I do agree that future support of zero copy through DLPack is interesting, so it’s worth considering using tvm.runtime.ndarrays instead of numpy arrays. One question I have about this, though, is whether we should store labels as tvm.runtime.ndarrays as well as the data. If I provide a tvm.runtime.ndarray as input to a graph runtime module (or one of the other ways to run a relay module), is the output also a tvm.runtime.ndarray?

I want to make sure that the datatype of f(data) matches the datatype of the labels so users can directly compare them.

electriclilies · March 24, 2021, 9:10pm

Also, it appears that tvm.runtime.ndarray only has one method for comparing ndarrays, same_as, and same_as checks object identity equality, not value equality.

If the output of running a relay mod is a tvm.runtime.ndarray, and the labels are also a tvm.runtime.ndarray, it seems that the user will not have a good way to compare the output to the labels without converting the ndarrays to numpy by using the as numpy method.

tqchen · March 24, 2021, 9:12pm

@electriclilies that is correct, the output of the tvm’s code is always going to be tvm.runtime.ndarray.

To run further comparison (e.g. eval metric). We will need to convert them to numpy for further comparison. or bake evaluation as part of the computation(of the relay program).

electriclilies · March 24, 2021, 9:15pm

I guess having the user transform them into numpy before comparison is OK for now, and to be consistent I’ll make both data and labels tvm.runtime.ndarrays. I can put a note in the documentation that they need to convert them to numpy arrays before comparing them.

It would be nice if there was a way to directly compare the values of tvm.runtime.ndarrays, though.

altanh · March 27, 2021, 9:31pm

Commenting to agree that I like the approach, and strongly believe this will be useful (e.g. for reducing the boilerplate involved with setting up datasets for TVM training, since common datasets already exist in PyTorch or TF).

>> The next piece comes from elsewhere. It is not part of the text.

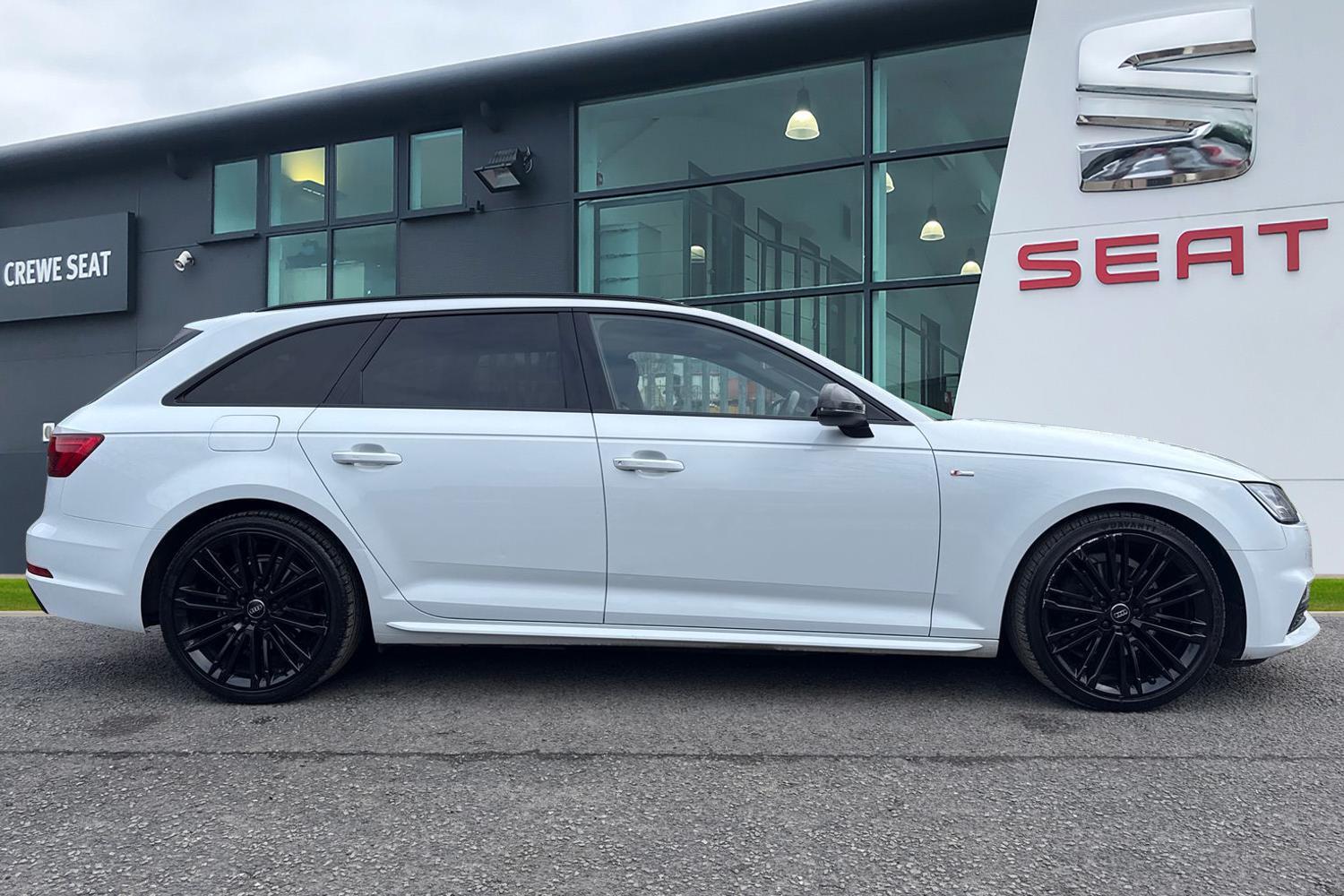 Used Audi A4 Avant 2017 for sale - 77620492: Photo 3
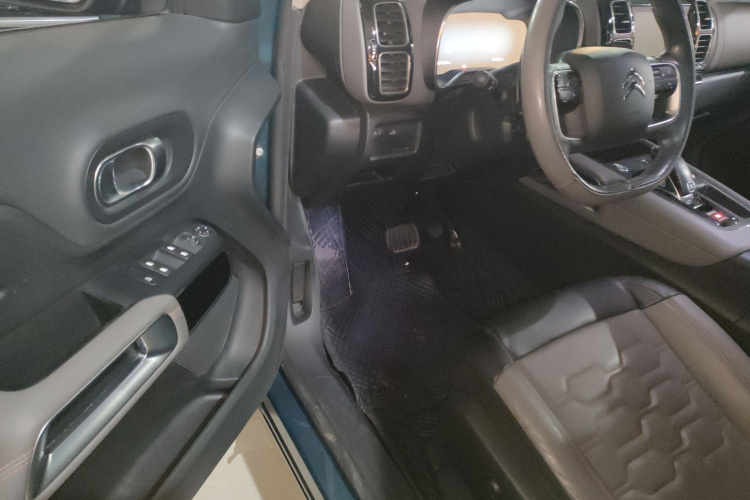 雪铁龙 天逸 C5 AIRCROSS 2017款 380THP 豪华型中控内饰7003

Also agree with Tianqi about the NDArray/DLPack interfacing as we want to eliminate any unnecessary data copying especially in the training workflow.

Perhaps this is more specific to the PR, but I’m a bit wary of assuming a specific input and target/label shape (e.g. NCHW and integer) for some of the loaders, since this seems overfit to vision (how would we support a BERT dataset, for example?) Is knowledge of the layout really required? I’m also not sure about __next__ return a list of ndarrays, since when batching inputs we want them to be in a single contiguous array of shape (batch_size, ...). Hope this makes sense and would be happy to formally review the PR once you’ve had time to incorporate the other feedback!

electriclilies · March 29, 2021, 7:57pm

@altanh Thanks for the input. I think you’re right, knowledge of the layout is not required, and I can remove that.

With regard to your concern about the list of ndarrays – the ndarrays in the list are meant to be batched (I should make this clearer in the documentation, though). The intention is to allow DataLoaders to be used with relay mods that take more than one input. So if we have a list that is [ndarray1, ndarray2], ndarray1 is the first input to the relay mod, and ndarary2 is the second. For a mod that takes batched inputs, the list would look like this: [ndarray1], where ndarray1 has dimensions (batch_size, ...).

Then running the graph runtime module would look something like this:

for data in dataloader:
     for i, inp in enumerate(data):
           graphmodule.set_input(i, inp)

graphmodule.run()

With regard to whether the batch size is necessary – one of the algorithms that is commonly used to pick scales and zero points uses batch size because it calculates an average across batches. (I guess an interesting and related question here is how we would use this calibration method with BERT, since it doesn’t have batch size). I thought it was cleaner to package the batch size with the data coming into the function rather than requiring a user to figure out what it is and pass it in directly.

And additionally, anytime you are doing averaging or trying to calculate accuracy, having the batch size easily available without having to slice it out of your tensor with an index calculated based on what the layout is is useful.

But, for non-batched data, I agree that it doesn’t make sense to have the batch size. I’m not sure what the best solution is here. One option is that the DataLoader could have subclass called BatchedDataLoader that has the batch_size property. I’m open to other suggestions, though.

altanh · March 30, 2021, 8:25pm

Thanks, the batched inputs thing makes sense, I misunderstood! I also didn’t mean to imply that batch size itself is unnecessary- I do think it’s a fairly universal concept for data loading (except for perhaps dynamic models where the input shape changes for each instance, but in this case you could dynamically batch the same shapes and/or set the batch size to 1 and manually aggregate results). In any case, supporting non-batched stuff seems out of the scope of DataLoader so I wouldn’t worry about it too much.

Thanks for clarifying!